Exercise aim
Print this span of the material below exactly: the line with "DHXKLCF VTG K.D.", the line with "Poster elevate your", and every line between them, but nothing else.

Available data
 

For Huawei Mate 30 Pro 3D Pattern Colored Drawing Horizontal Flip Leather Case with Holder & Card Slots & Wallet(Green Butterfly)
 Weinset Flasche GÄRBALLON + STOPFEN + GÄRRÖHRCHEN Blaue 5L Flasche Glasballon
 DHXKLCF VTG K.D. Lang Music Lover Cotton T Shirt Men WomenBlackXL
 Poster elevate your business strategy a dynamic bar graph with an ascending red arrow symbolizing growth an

* * *

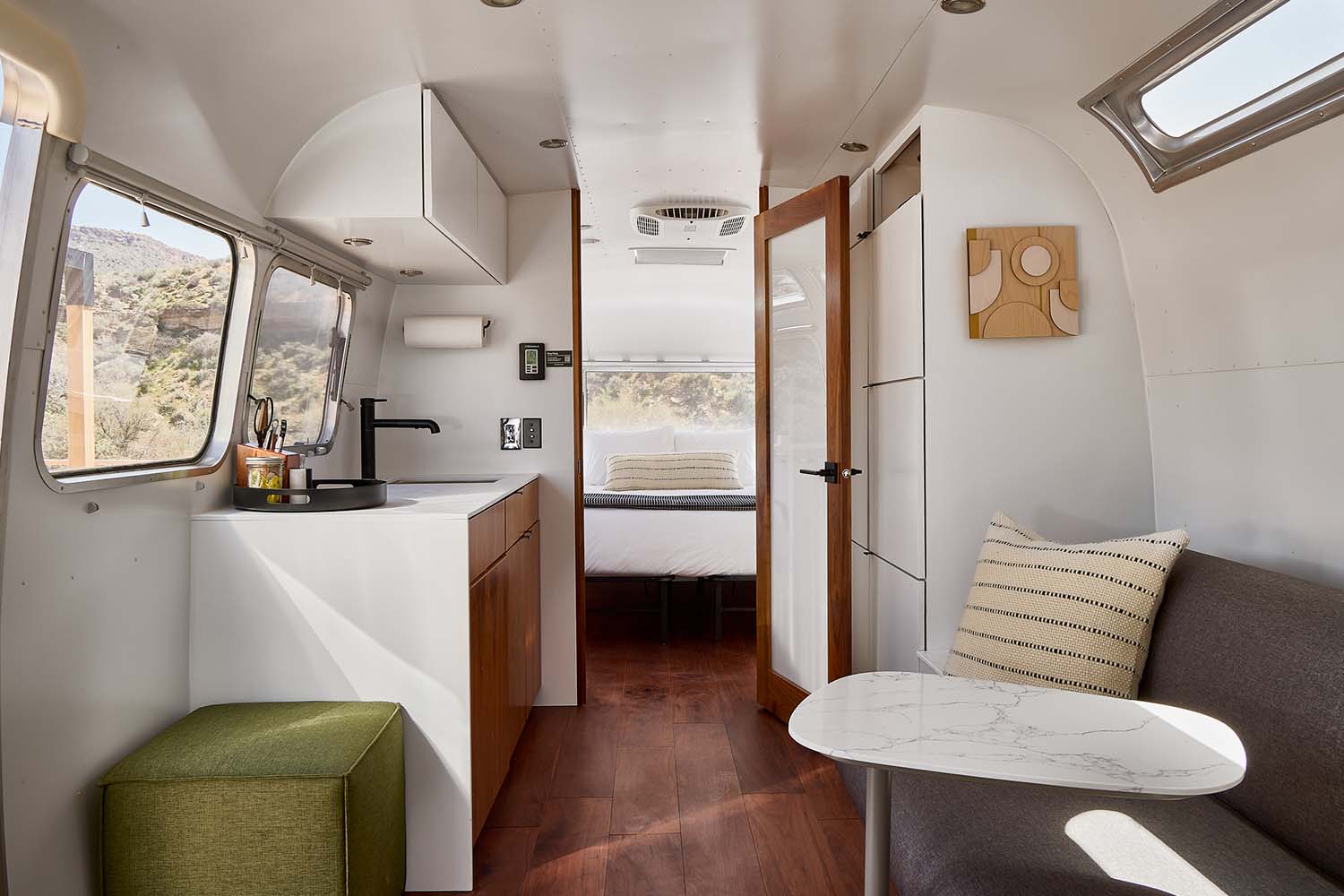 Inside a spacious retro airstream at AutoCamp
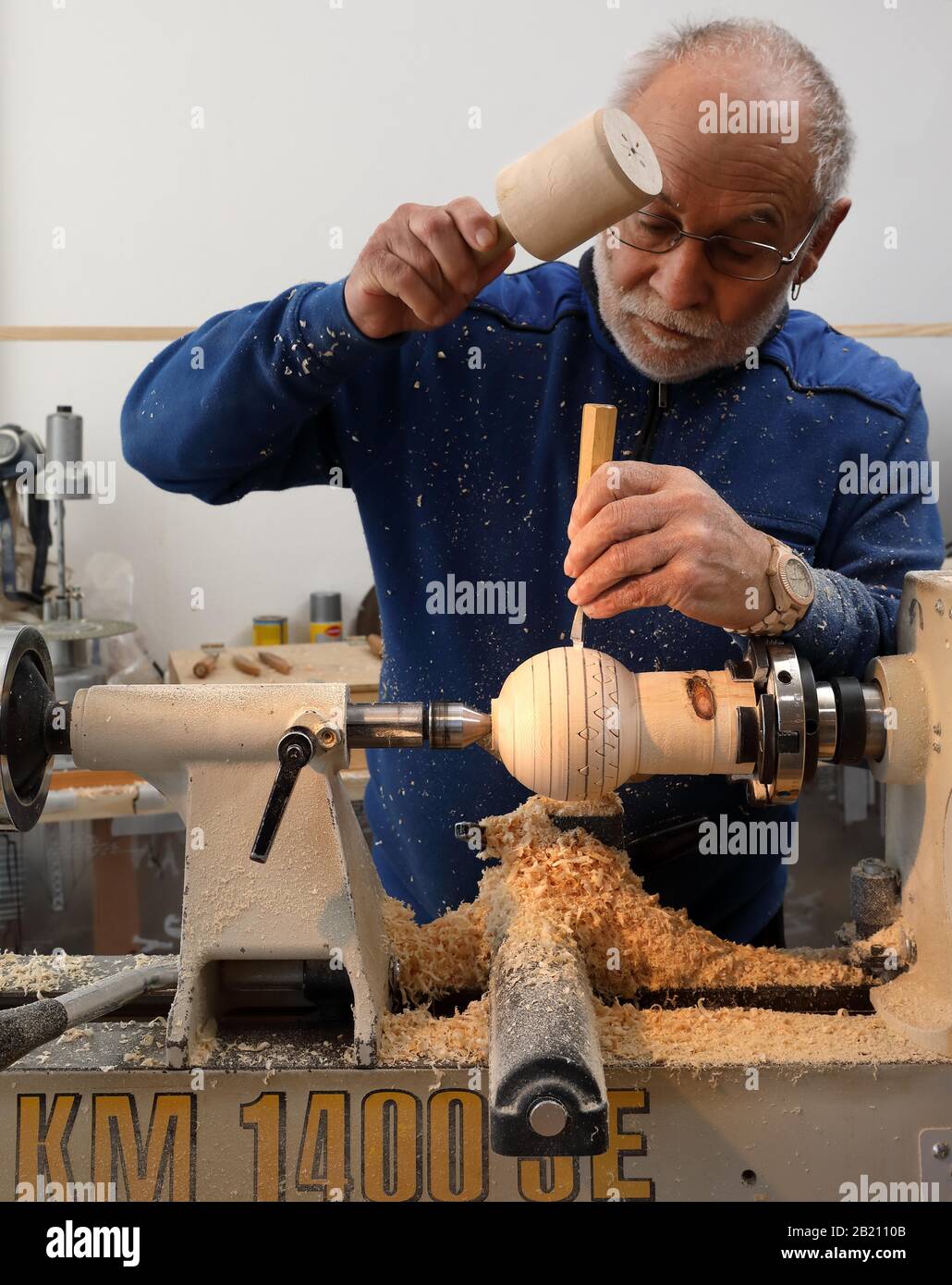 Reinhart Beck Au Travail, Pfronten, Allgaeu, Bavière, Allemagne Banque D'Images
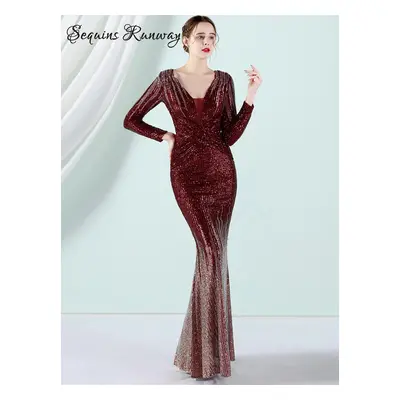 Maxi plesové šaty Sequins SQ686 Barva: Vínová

---

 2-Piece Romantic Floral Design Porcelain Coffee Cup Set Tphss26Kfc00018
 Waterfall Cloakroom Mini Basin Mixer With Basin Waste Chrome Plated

Expected answer
 DHXKLCF VTG K.D. Lang Music Lover Cotton T Shirt Men WomenBlackXL
 Poster elevate your business strategy a dynamic bar graph with an ascending red arrow symbolizing growth an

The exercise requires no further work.